FIRST THING I WANT TO SAY ABOUT YOUR BUG OUT BAG! - load it and go on a 5 mile hike carrying it, I would bet a lot of you will re-evaluate how much you have in it! This is also the best way to learn to pack and wear your BOB, I have done this a couple of times and will continue to do it as well, I learn something new each time I carry my pack!










My bag is a 5.11 tactical, rush 72 in multicam. Bag is kind of heavy empty but it is built to last for sure! I liked the bag because it has a hard frame against my back and lots and lots of molle attachment points for added capabilities with pouches. I have several Pelican micro cases 1020, 1040 and 1060. I use these Micro Pelican cases to put stuff in that I want to keep dry (first aid gear, gadgets such as phone, ipod, camera, socks, underwear, food items that aren\'t water proof). I am at the point where any more pelican cases will make the bag hard to pack easily(too many rectangles, LOL)!

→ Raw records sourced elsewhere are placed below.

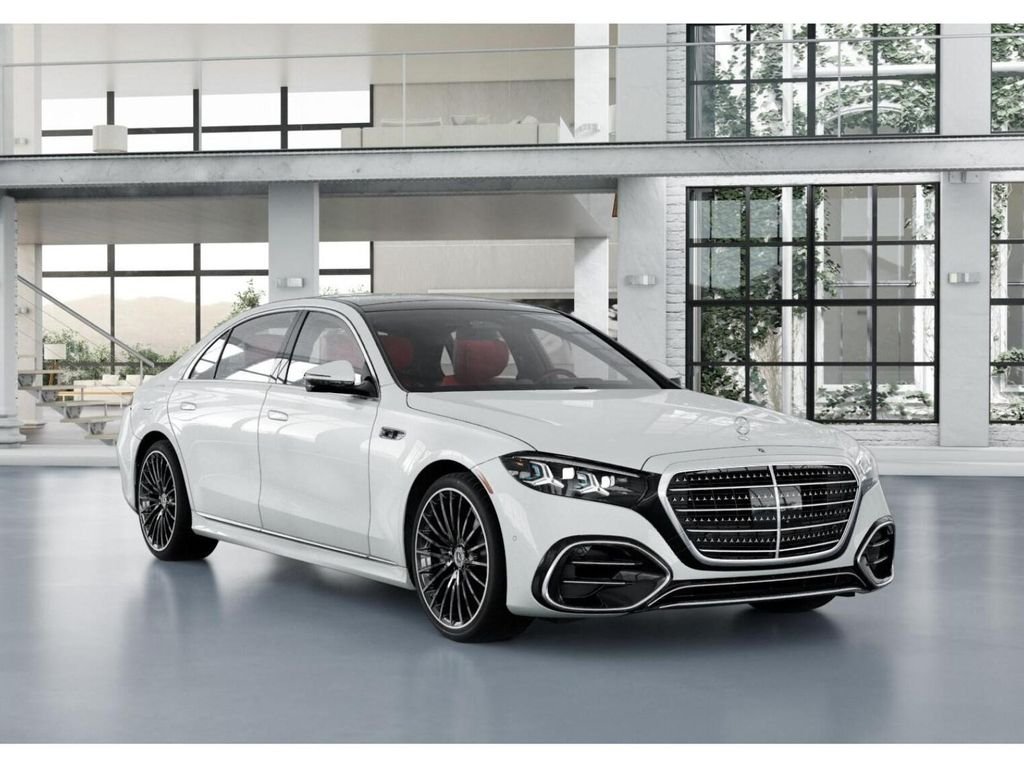 New 2027 MANUFAKTUR Moonlight White Metallic Mercedes-Benz S 500 image 10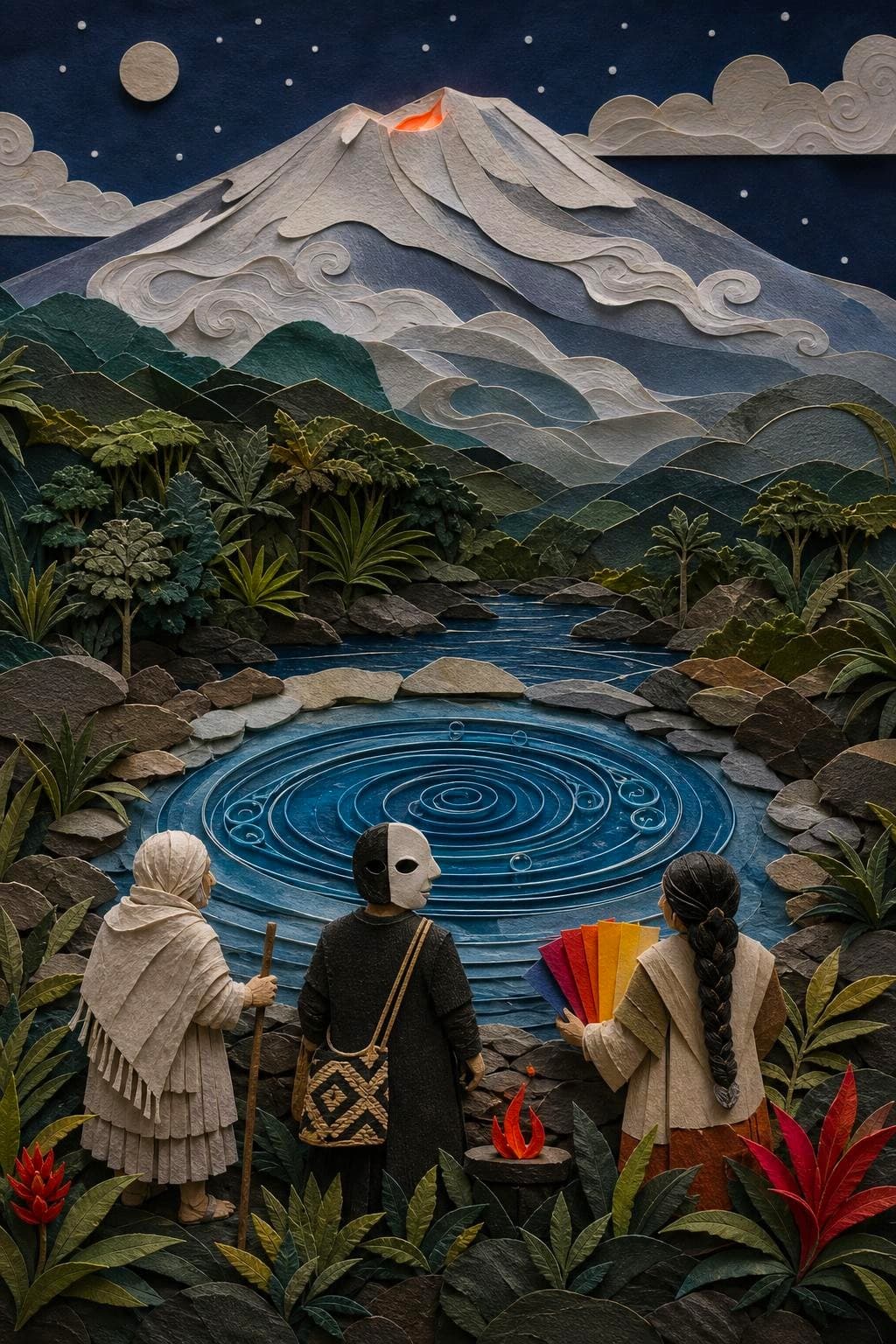 Taita Galeras: segunda escena del relato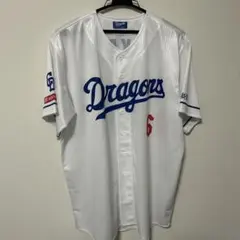 中日ドラゴンズ 福永裕基 68番 ユニフォーム サイズS - メルカリ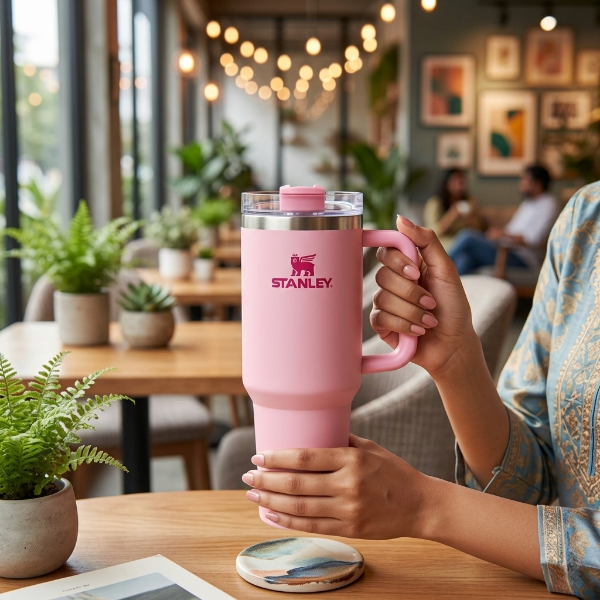 Insulated Stainless Steel Travel Tumbler
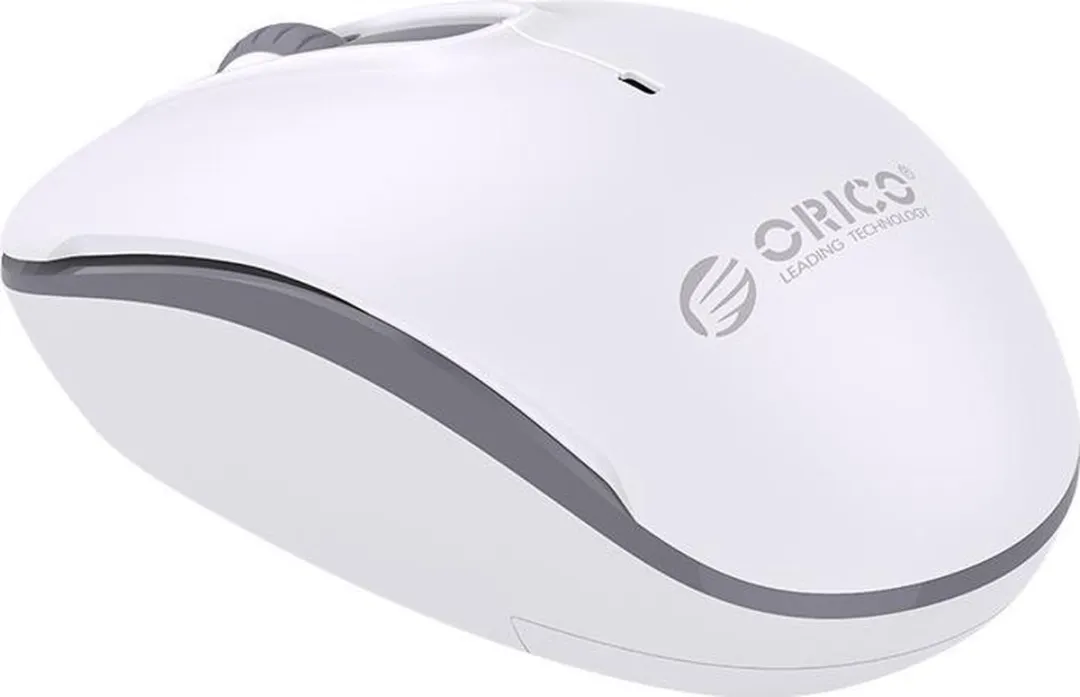 ORICO ORI-WDM-V2C-WH Draadloze Muis - 2.4GHz - Wit - afbeelding 6 van 6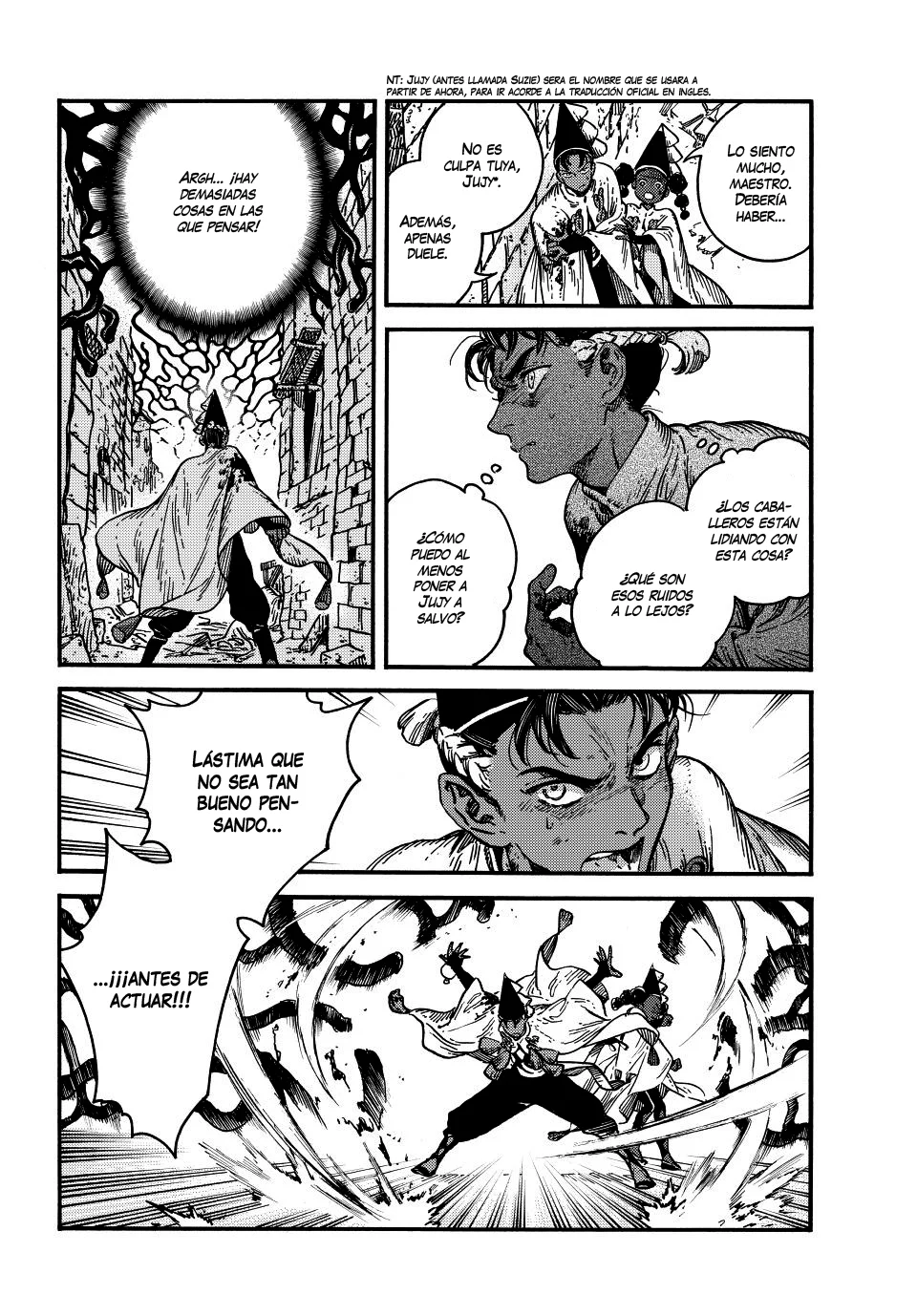 Tongari Boushi no Atelier Capítulo 71 - Page 8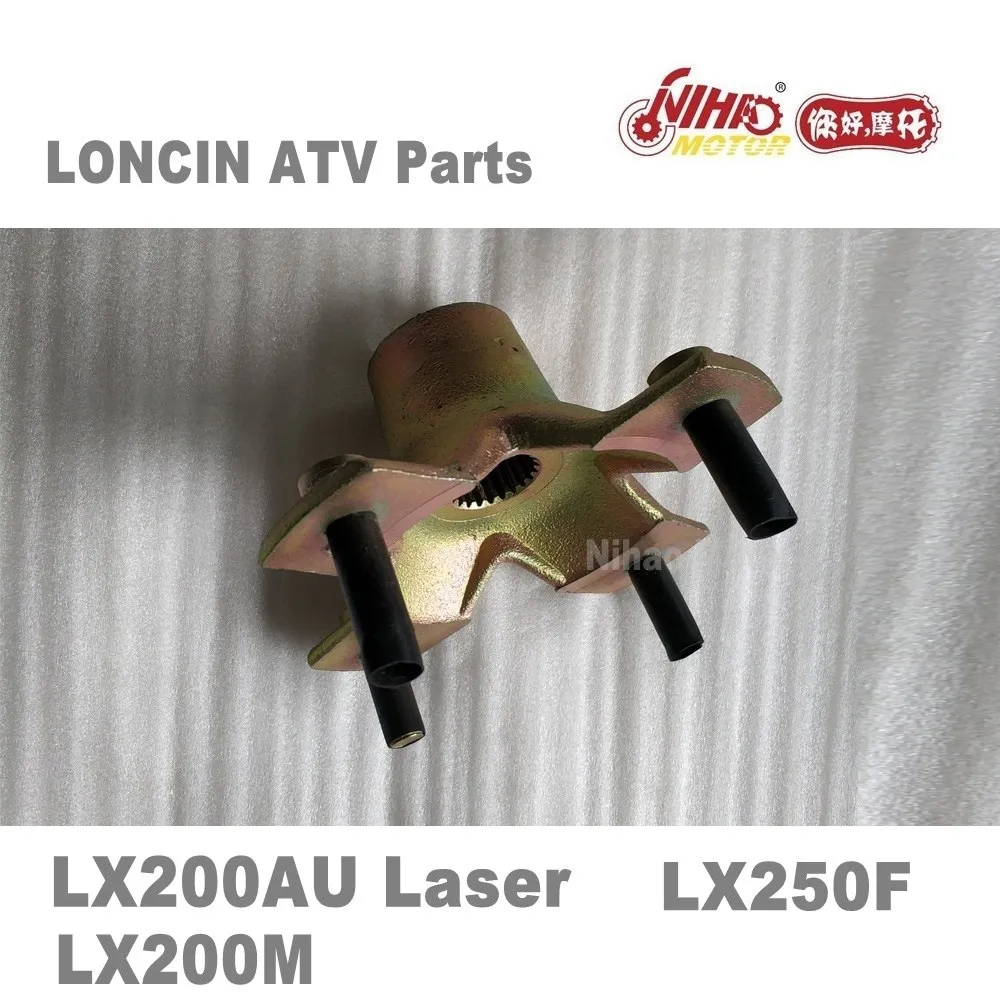 LX 34 мотовездеход LONCIN Запчасти для центрального движения колеса LC162FMK LX200M 200cc LX200AU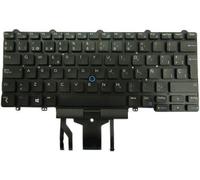 Dell Keyboard, Spanish Castilian, 83 Keys, Backlit, M14ISFBP, 6VTCP (83 Keys, Backlit, M14ISFBP Backlit)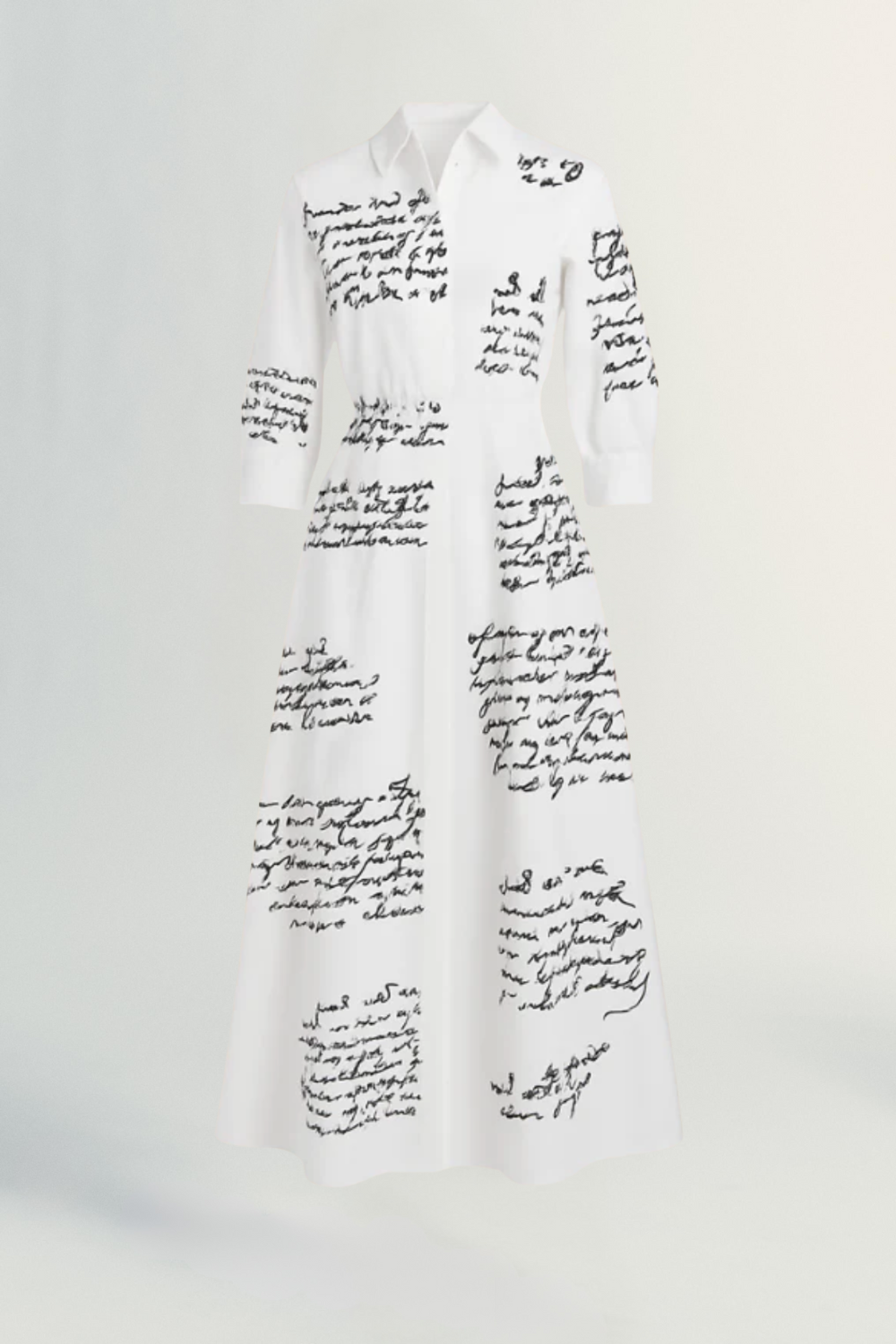 Maëlle | Women’s Elegant Shirt Dress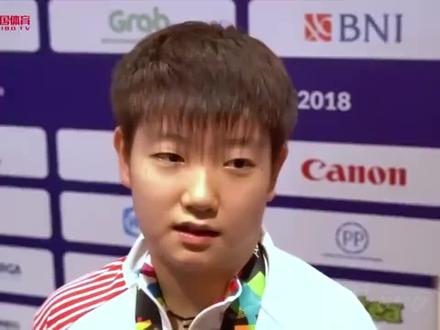 王楚钦赛后发文感谢孙颖莎 这8年,莎莎一直在给予他肯定!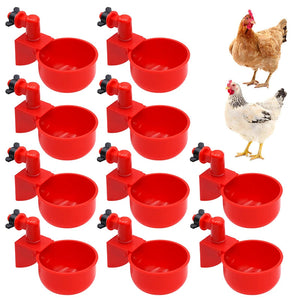 Automatic Poultry Watering Bowl Kit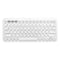 Logitech K380 Multi-Device Bluetooth Keyboard (White)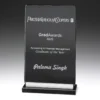 gk895s-black-grey-bg Black glass black broadside with glass / metal construction
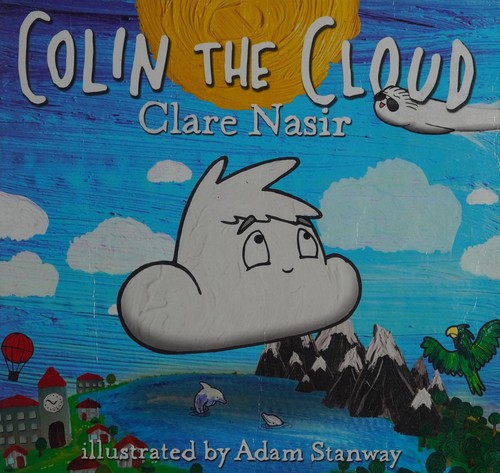 Cover for Colin the cloud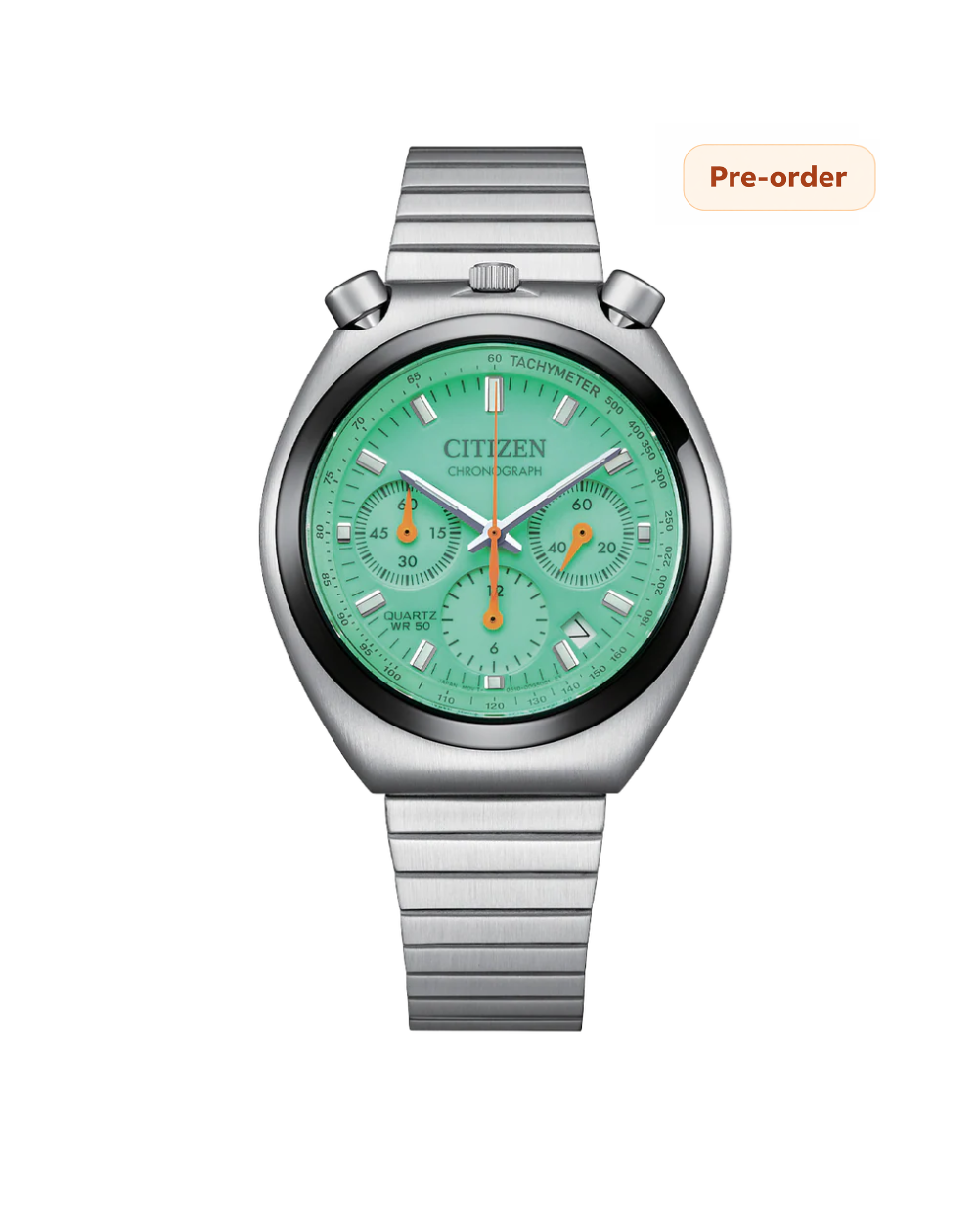 Citizen Tsuno Classic Unisex Chronograph Watch - AN3660-73X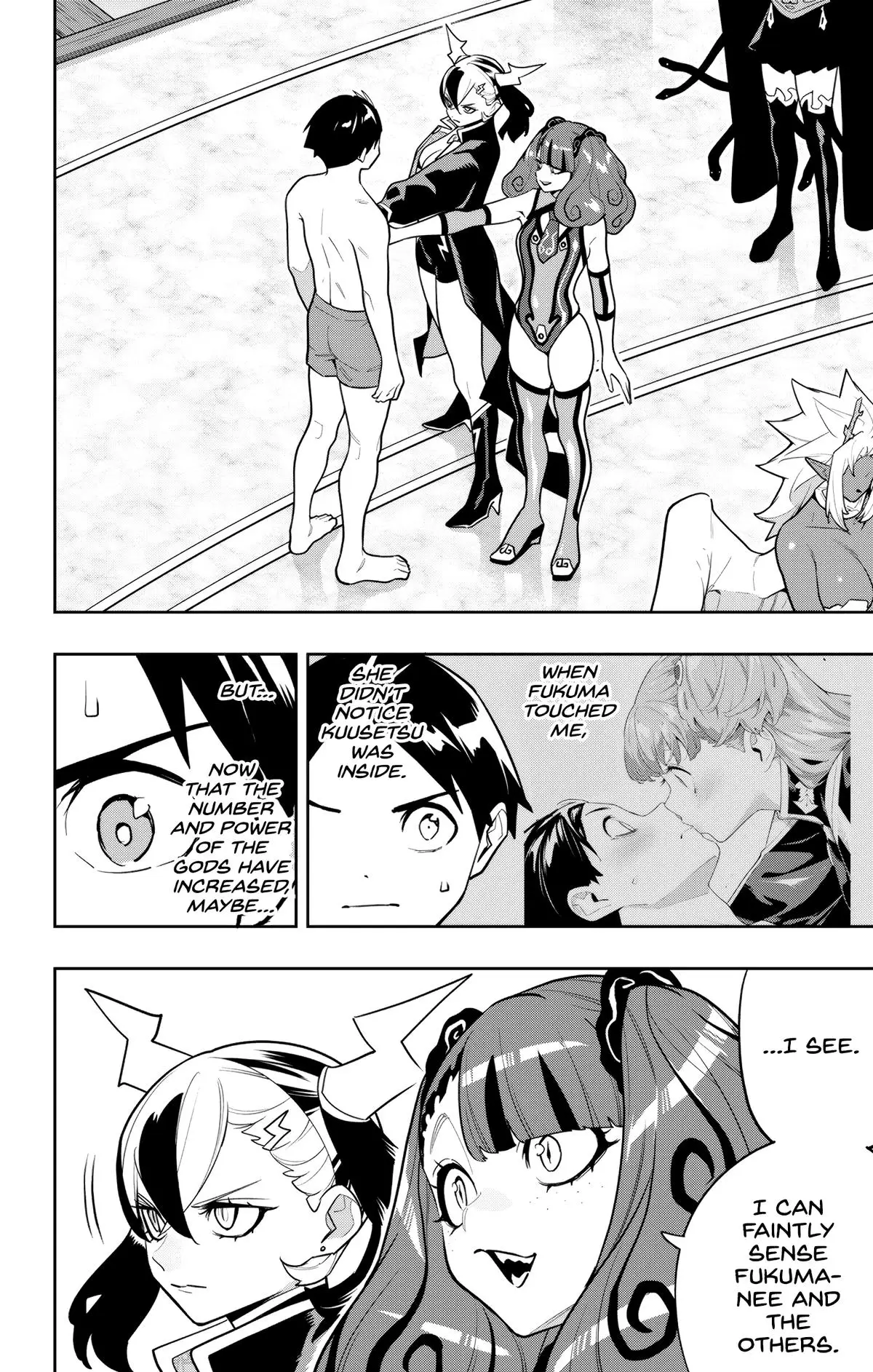 Slave of the Magic Capital's Elite Troops Chapter 158 page 10 - Chapter 158: Yomotsu Ooyama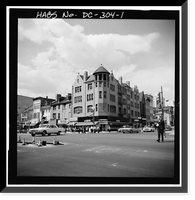 Pennsylvania Avenue Northwest, 900 Block, Washington, District of Columbia, DC, Historic Print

I also don\'t keep much food in the bag, that is something I keep at the ready, near by but try to keep it rotating too!

My tent is not in the bag yet either, it takes up the additional room in my bag and adds 4 pounds to my pack. I do have a \"Jungle bag\" sleeping bag but I will not be traveling through colder climates so that is not a concern, also helps me to keep the weight down. All of this weighs in at around 40 pounds when carrying a full 3 liter camelbak and a one quart canteen. I will be adding more to this pack and have carried it for over 5 miles on a hiking trip that ascended up to 3000 feet from 800 feet and back down, just to see how bad it was! On a marked trail I wouldn\'t want to carry it any further, that was in muddy conditions and at some times using rope assisting me up the muddy slopes! On flat terrain I could do 10 miles a day and sustain that.

Looking at adding a fishing kit to my pack, I seen a small little telescoping rod/reel combo for 25 bucks that has a hard shell plastic case with little compartments for tackle. That would add another way to get some food (fish). I also have some of the yo-yo\'s for the \"lazy man\" fishing that I am going to put into my pack, yup probably in another micro pelican case!










Input and opinions are highly and greatly encouraged.


----------